I came back to my hometown, but things did not turn out as I thought they would. Complicated story, one I’ll tell somewhat in How Dante Can Save Your Life. The main lesson I learned is that it is folly to expect any kind of utopia in this world. I knew that from the beginning — that is Conservatism 101 — but it’s surprising to dig deep, beneath one’s conscious knowledge, and find that what one thought one believed is not really what one believed.
What I came to see is that traditionalism separated from love becomes a rigid and inhumane ideology — but this is also true of liberalism. There is no political system or arrangement that can make people be good and just. We can only better our odds.
Sorry that these thoughts are incomplete. I’m still working through a lot of this. I think my own political development goes like this:
1. Young Rod: Liberalism is great, freeing me of the tyranny of roots.
2. Older Rod: Liberalism is seriously problematic, making it very difficult to form and to sustain deep roots.

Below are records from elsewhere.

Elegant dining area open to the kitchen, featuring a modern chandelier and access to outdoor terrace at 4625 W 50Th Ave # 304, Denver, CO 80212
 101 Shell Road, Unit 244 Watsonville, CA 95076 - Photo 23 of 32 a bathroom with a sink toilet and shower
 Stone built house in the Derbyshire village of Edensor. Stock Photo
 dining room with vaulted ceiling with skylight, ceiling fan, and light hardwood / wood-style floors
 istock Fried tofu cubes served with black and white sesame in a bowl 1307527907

3. Even Older Rod: Liberalism is seriously problematic, but so is everything else, including traditionalism. We can’t continue as a society to live under liberalism, because it’s tearing us apart, and creating exactly the world Pat Deneen identifies. But all the alternatives seem worse.
To me, the answer, insofar as there can be an answer, is to be found in a more humane and, well, liberal version of traditionalism. But what does that mean? Is it even possible, or is that utopian? After all, tradition that can be endlessly modified is no tradition at all — but a tradition that can never be modified eventually ossifies and dies. Is it possible to think beyond liberalism and individuality, and individual choice as the summum bonum? If not, how do we create structures in the world that make it easier to choose the Good? How can we know the Good in a condition of radical pluralism?
My sense is that we have to seek our answers within the possibilities dictated by liberalism, insofar as there are no more compelling alternatives on offer. Benedict Option stuff, this is.